I get asked all the time by friends and colleagues if they should sign up for a new credit card for [insert reason here]. Ultimately whether I recommend signing up for a new credit card comes down to one question:
Will you receive quantifiable value out of the credit card that is well in excess of its annual fee?
This is how I think about credit cards, and how you should too.
Think of rewards in terms of cash they would otherwise displace
Cash back – Cash back is easy to value. If a credit card gives you $100 in cash back, it is worth $100.
Purchase Offset Credits – Some credit cards offer opportunities to redeem points to offset certain types of purchases like travel, restaurants, or transporation. The Capital One Venture X card, for example, offers points that are worth 1 cent each if they are redeemed against travel purchases you put in the card. Generally, I only place a value on purchase offsets if I am *certain* that I will spend enough on a card in categories that I can offset with my points.
Frequent Flyer Miles and Hotel Points – One mistake people make is that they value points based on the flashy first class and luxury hotel redemptions promoted by some bloggers. Yes, you might be able to get into the Park Hyatt Kyoto for 30,000 points a night, but that doesn’t mean that your points are worth 5.08 cents each because you probably wouldn’t otherwise pay $1,524.47 per night to stay in that hotel. Personally, I use Frequent Miler’s Reasonable Redemption Values, but I acknowledge that if I’m sitting on half a million SkyMiles, the marginal SkyMile is worth substantially less than that amount.
Your benefits are worth what you would pay
Benefits You Frequently Use – For me, this means things like lounge access and extended warranty benefits.
Airport lounge access is a benefit that I use almost every time I am traveling. On my American Express Platinum card, I receive access to Delta Sky Clubs when traveling on a same-day Delta itinerary, I can access American Express lounges 3 hours prior to a flight, and I have access to the Priority Pass network of lounges. This means that I have 4 lounges at my home airport, MSP, and I almost always stop into them before my flight and frequently upon my return. When traveling, I’d normally spend $15 for a meal at an airport while passing through. If I take 20 flights (or 10 round trips) per year, that is $300 of food that I am otherwise not buying, because I can eat in the lounge. I probably wouldn’t pay $300 up-front for this benefit, but I’d definitely pay $200, so that’s what I value lounge access at.

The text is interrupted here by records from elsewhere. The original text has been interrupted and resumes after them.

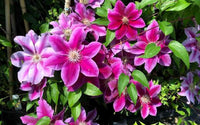 Clematis ' Kilian Donahue' - Clématite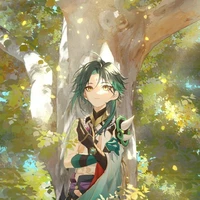 senkusha/xiao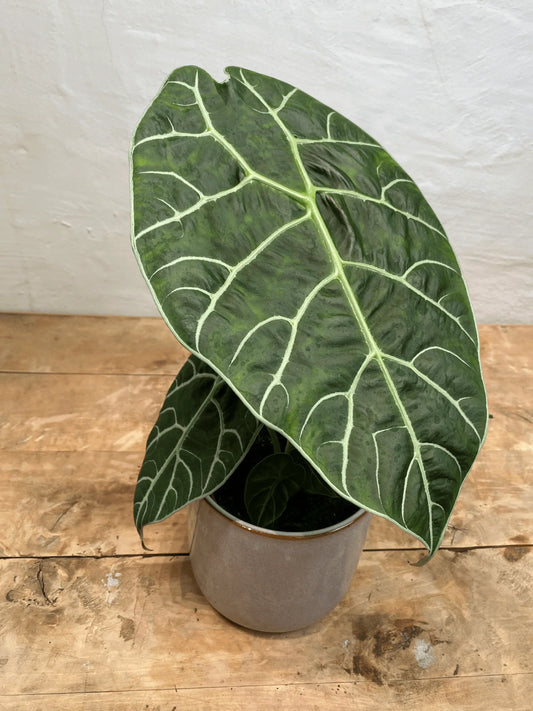ALOCASIA WATSONIANA IN JIFFY BAG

Extended warranty is another benefit that I use with some frequency. I don’t think that consumer electronics are explicitly designed to fail after their manufacturer’s warranty expires, but I’ve experienced my share of Nexus Phone Boot Loops, iPad crashes, printer malfunctions and other issues to know that getting an extra year of warranty from my American Express Card is worth it. Let’s say I buy $1000 of purchases with warranties and 10% of them break within the first year after a manufacturer’s warrant expires. That’s $100 of value. Would I pay $50 per year for that? Likely.

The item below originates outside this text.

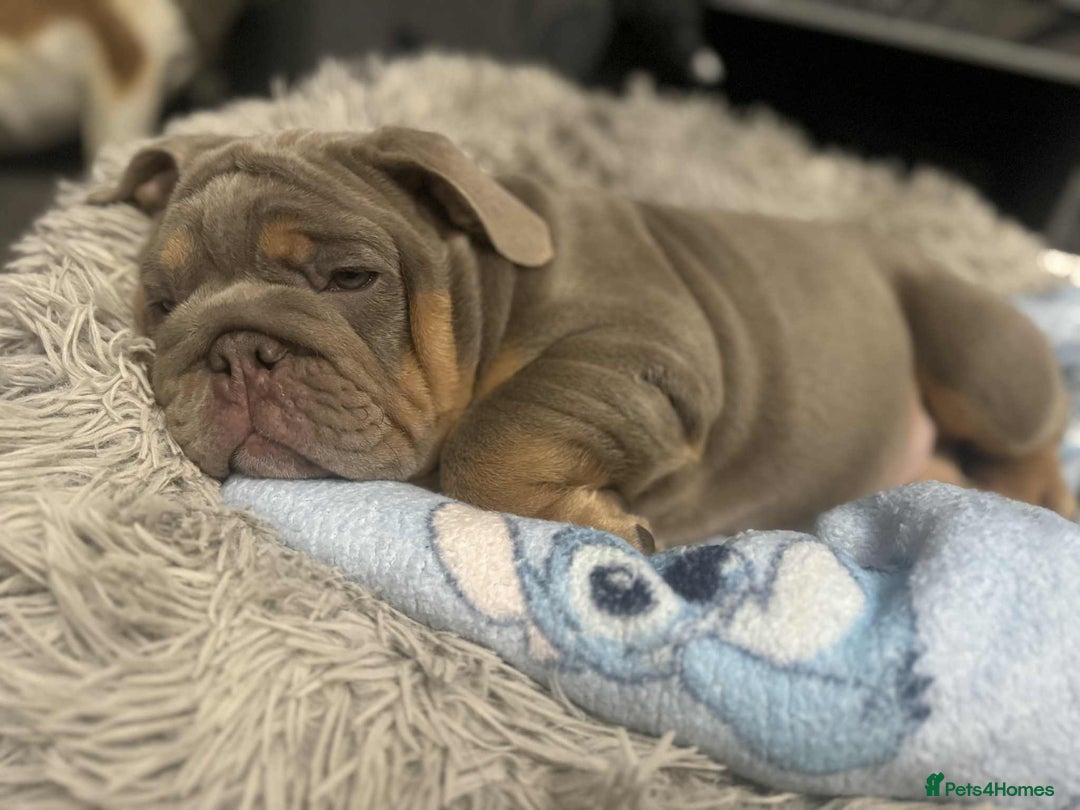 English Bulldog dogs for sale: Quality English bulldog now reduced  - Image 6
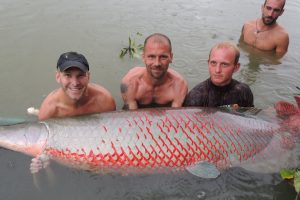 Black Shark Carp  Gillhams Fishing Resorts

Benefits You Rarely Use – In addition to the benefits you regularly use, there are some benefits like trip delay protection, primary rental car insurance, purchase protection, or cell phone insurance that I rarely use. Yes, if the new iPad I bought gets stolen in the next 90 days, purchase protection will be incredibly valuable… but that’s unlikely to happen. Yes, you should always buy things on cards that protect you from theft. Yes, you should rent your car using a card with primary rental car insurance if you have it. But it’s probably not worth placing a value on these.
Duplicate Benefits – If you are a card-collector, you might have multiple cards that have overlapping benefits. This shows up commonly in people who carry multiple premium credit cards that have overlapping lounge benefits. Your first PriorityPass lounge membership is worth something, but your second, third, or forth don’t get you anything extra, so don’t value them.
Collecting credit card, airline, and hotel points has allowed me to have some pretty amazing experiences, but I always try to be level-headed about evaluating the value I am getting from having my credit cards. I’m happy to pay a $695 annual fee on my American Express Card, but only if I am getting value well in excess of the annual fee. Hopefully the above framework helps you as you evaluate how you use credit cards and miles and points.